The allegation has riled the Kremlin and threatens to further damage relations between Russia and the UK. But it also brings to mind the many other critics of the regime who, like Litvinenko, have met an untimely end.
Russian officials have regularly denied any roles in these mysterious deaths, but their circumstances have long raised suspicions. Here, GlobalPost looks at just a few:
Boris Nemtsov
The most recent mysterious death is of former opposition leader Boris Nemtsov, who was fatally shot just outside the Kremlin last February. Shortly before his murder, he was helping to compile a report detailing what he said was Russia’s clandestine military involvement in the eastern Ukraine crisis.
Officials have sought to pin the blame on a group of Chechens, but critics have dismissed this as a cover-up.
The murder of Nemtsov, a veteran politician who served in high-profile posts during the 1990s, happened just as state propaganda against Russia's perceived “enemies” was on the rise. These supposed foes included political and cultural figures, including Nemtsov, deemed unfriendly to Kremlin policy.
Anna Politkovskaya
Muckraking journalist Anna Politkovskaya was shot dead on Putin’s birthday in 2006 after her critical reports on the Russian military and the Kremlin-backed government in Chechnya, once home to a bloody separatist war.
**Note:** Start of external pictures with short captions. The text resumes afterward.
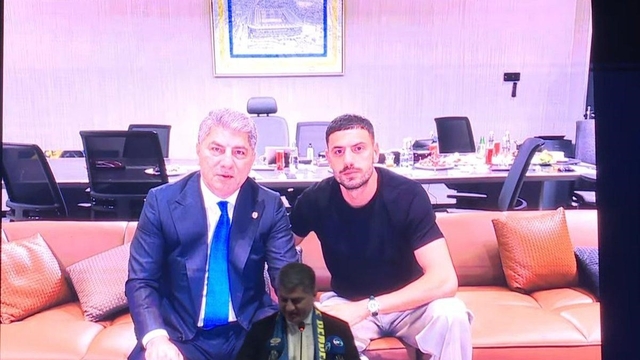 Hakan Safi'den Merih Demiral bombası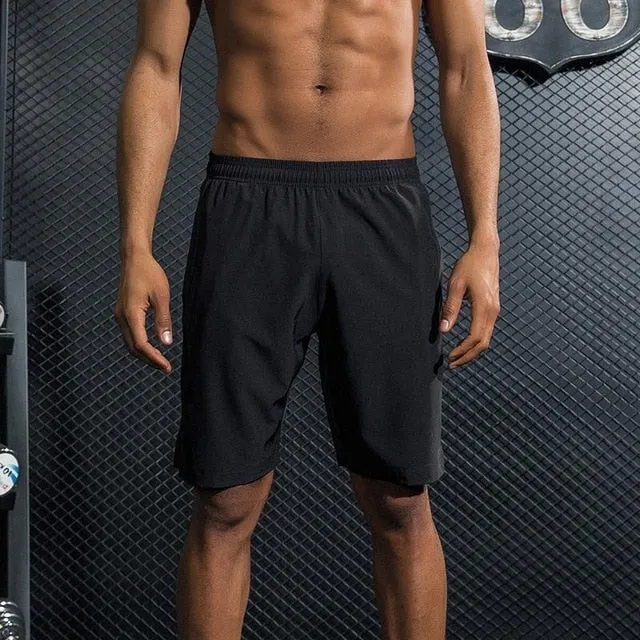 Shorts Men Running Quick Dry Workout Bodybuilding Gymhorts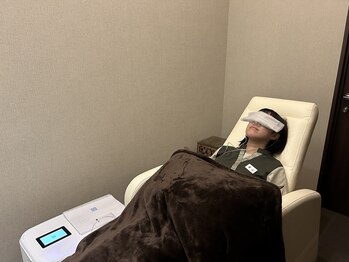 ルアンルアン エミオ東久留米店 (Ruam Ruam)/水素吸入のご紹介♪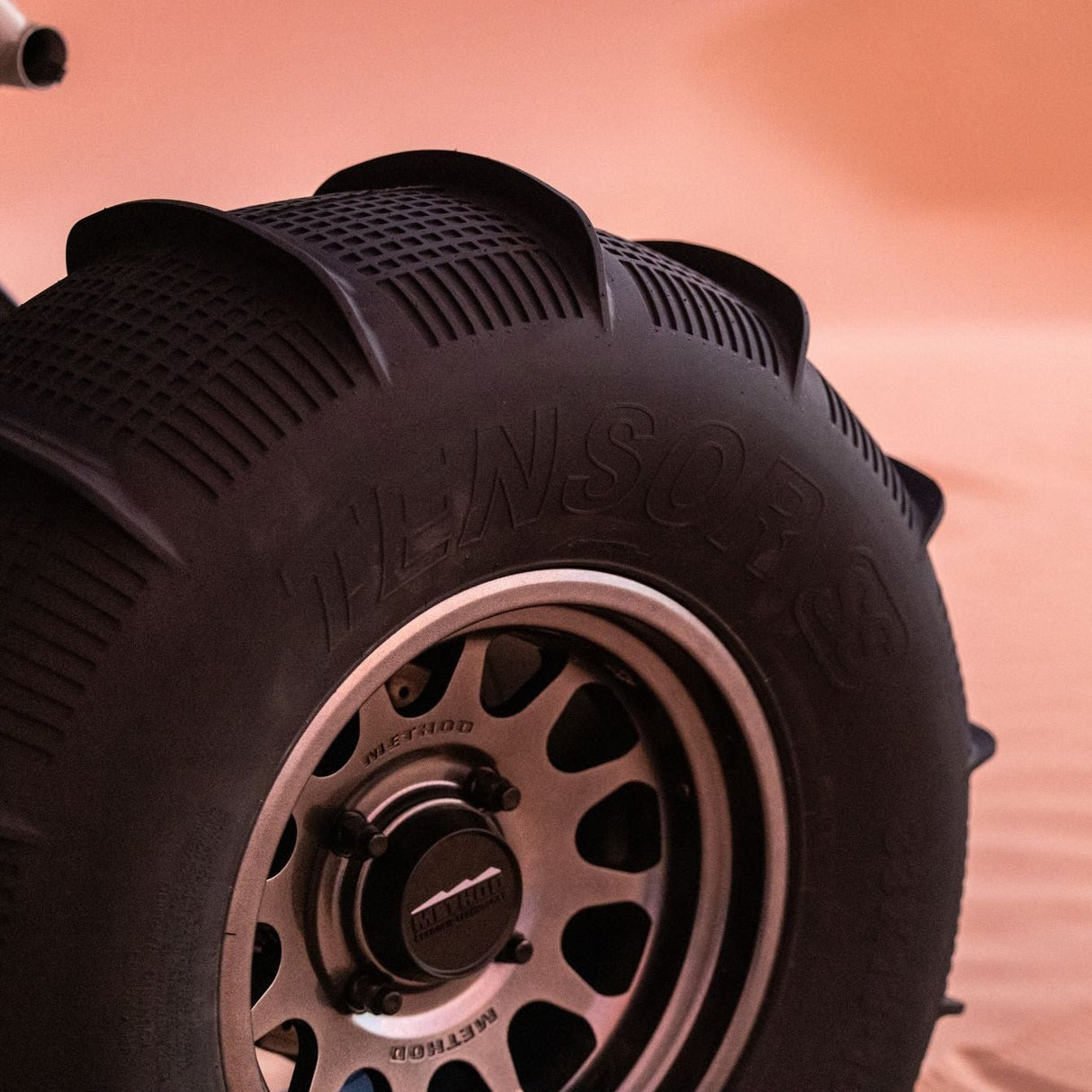 Tensor SS “Sand Series" Rear Tire Tensor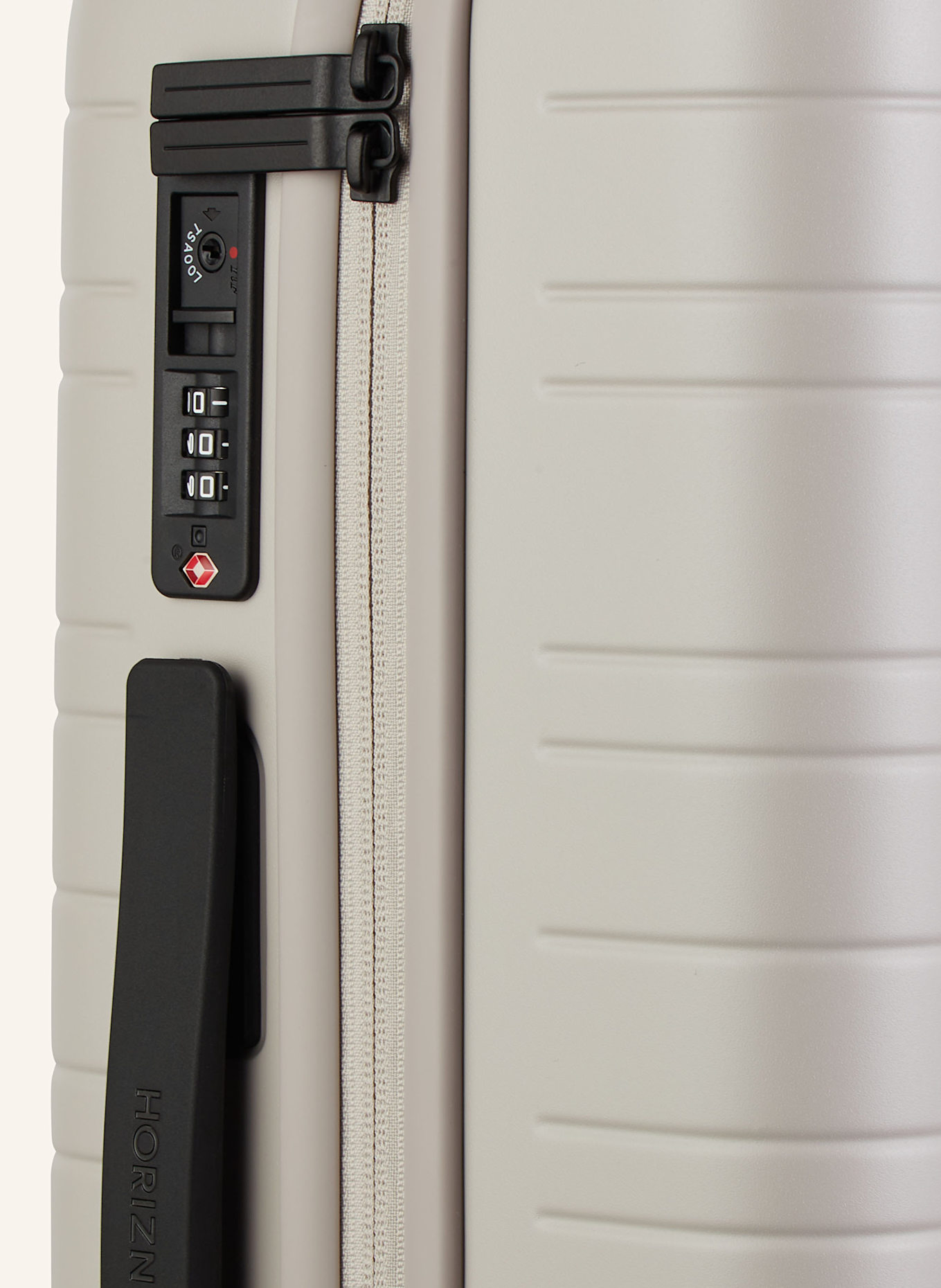 HORIZN STUDIOS Trolley H5 ESSENTIAL: HELLGRAU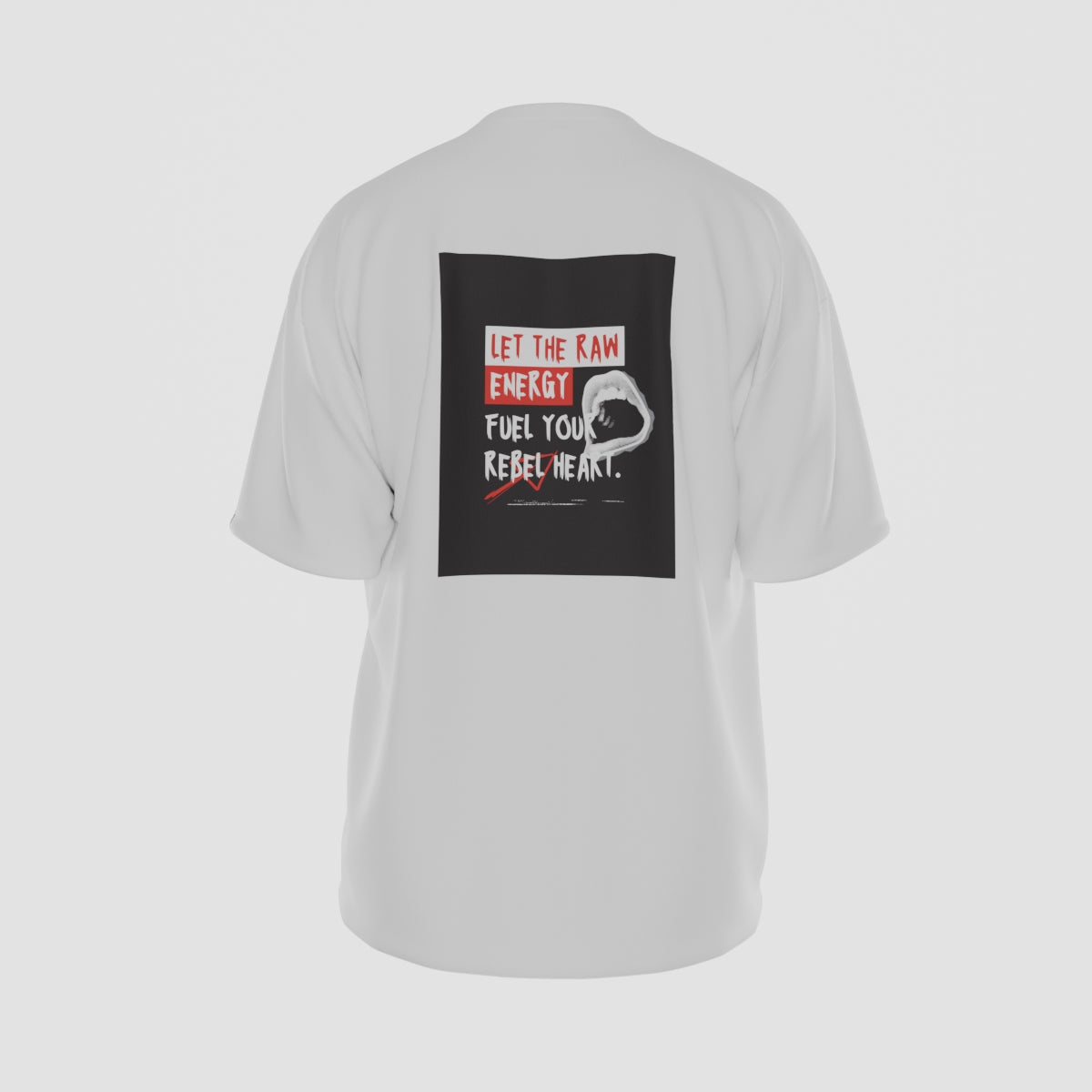 Raw Energy T-Shirt
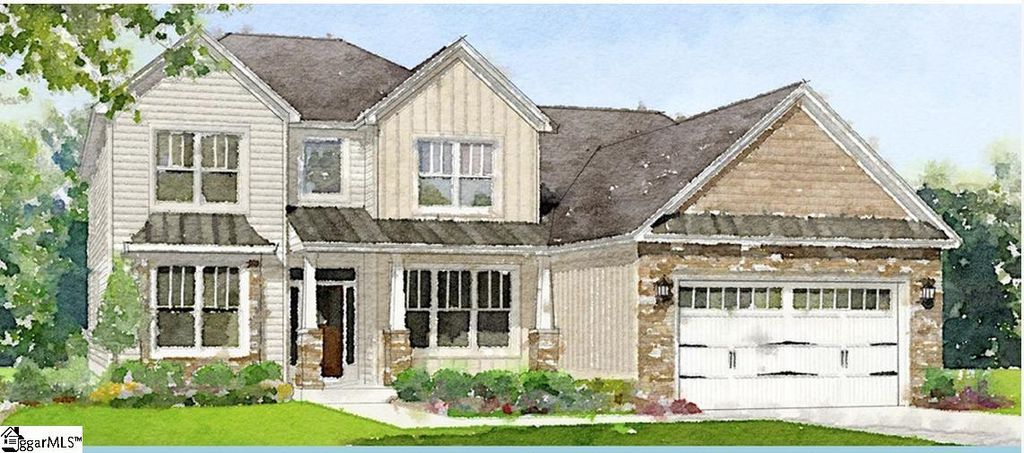 120 Rindge Road, Piedmont, SC 29673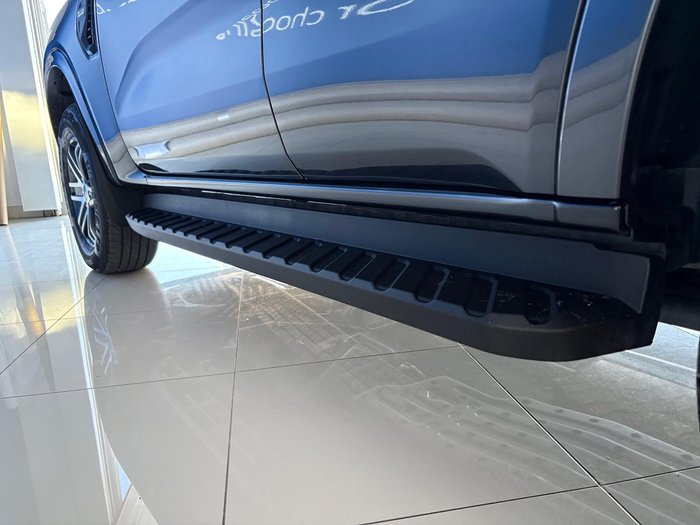 2024 Ford Everest Trend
A Russian court convicted several Chechen men in 2014 for their alleged role in the murder. But critics have long complained that the world will never find out who ordered the shooting, and her case came to represent the increasing danger that faced critical Russian journalists.
Litvinenko, the former spy, had actually accused Putin of ordering her murder shortly before his own death.
Boris Berezovsky
Probably the most notorious among regime critics, Boris Berezovsky was actually partly responsible for Putin’s rise. Berezovsky, a wily tycoon, reportedly suggested Putin to an ailing former President Boris Yeltsin as a replacement.
But Berezovsky, who wielded enormous influence during the 1990s, was quickly pushed out of the picture as Putin consolidated power. Berezovsky took refuge in the UK in 2000. From there, he spent more than a decade speaking out against Russia’s turn toward authoritarianism.
He was found dead from hanging at his home in an apparent suicide in March 2013. Berezovsky had lost a major legal battle with a fellow oligarch not long before, which reportedly resulted in depression. But he was also a friend of Litvinenkowho funded the whistleblower’s activities and his post-murder investigation.